The clear alternative is to get people to have a tree in a tub which you bring indoors once a year - genius right? Wrong.
Yes, nearly 90% of the UK have gardens, but only about half of the people who have gardens are gardening. This is not to say that non-gardeners cannot put a Christmas tree outside the back of the house, more like they wouldn’t be as taken with the concept of having to look after it, even if it is low maintenance. Hopefully, it will become more fashionable, and people will grow attached to their reusable trees. However, home-grown trees are not likely to be the saviour of the Christmas tree carbon crisis.
Thankfully, you can now save up to £40 on your tree and not have to water it. Companies such as “love a Christmas tree” now enable you to “rent” a tree. You can even have it delivered and collected from your doorstep!

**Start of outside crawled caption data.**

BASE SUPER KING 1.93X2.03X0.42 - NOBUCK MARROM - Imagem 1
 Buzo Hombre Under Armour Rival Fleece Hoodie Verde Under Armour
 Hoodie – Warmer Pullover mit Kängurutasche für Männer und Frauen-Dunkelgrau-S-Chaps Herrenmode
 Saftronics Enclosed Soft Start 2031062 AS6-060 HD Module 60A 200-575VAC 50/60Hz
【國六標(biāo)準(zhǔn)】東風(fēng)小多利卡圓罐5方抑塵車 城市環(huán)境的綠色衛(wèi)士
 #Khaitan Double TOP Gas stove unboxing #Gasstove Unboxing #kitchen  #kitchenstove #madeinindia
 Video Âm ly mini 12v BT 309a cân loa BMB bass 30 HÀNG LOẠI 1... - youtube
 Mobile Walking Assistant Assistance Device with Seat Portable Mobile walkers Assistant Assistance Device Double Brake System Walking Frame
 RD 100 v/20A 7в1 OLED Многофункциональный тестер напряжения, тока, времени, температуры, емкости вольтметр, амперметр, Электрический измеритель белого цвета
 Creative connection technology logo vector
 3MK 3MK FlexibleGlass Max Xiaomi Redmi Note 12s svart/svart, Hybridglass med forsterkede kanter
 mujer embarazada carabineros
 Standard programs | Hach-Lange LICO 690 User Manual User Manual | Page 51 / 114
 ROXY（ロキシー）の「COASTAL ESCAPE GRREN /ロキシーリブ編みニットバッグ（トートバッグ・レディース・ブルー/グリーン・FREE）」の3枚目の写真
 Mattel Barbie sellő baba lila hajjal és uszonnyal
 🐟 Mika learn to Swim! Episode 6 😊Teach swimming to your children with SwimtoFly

If you want to go super eco-warrior, you could even adopt a tree which will only cost you £10 a year (unfortunately you only get it after five years, but at year six you will have broken even).
Why should we encourage this as it is not as eco-friendly as growing your own?
Well, the simple fact is that as the rental companies will take better care of the tree than most people will, it is less likely to end up dying or being damaged in the middle of a field with fresh compost and an irrigation system. So on average, it is usually best to let the experts do what they’re good at for a small price.
There are serious debates to come as the disposable tree industry begins to decline, on land usage and retirement schemes for the trees when they get too large. Still, for at least a few years the elephant in the room will be a carbon-neutral one (unless you carry it home in which case it is carbon negative).
Even if it is not close to Christmas, you might want to call your local tree rental company as availability disappears incredibly quickly in the run-up to the holidays. Hope you’ve enjoyed reading, merry May the 26th!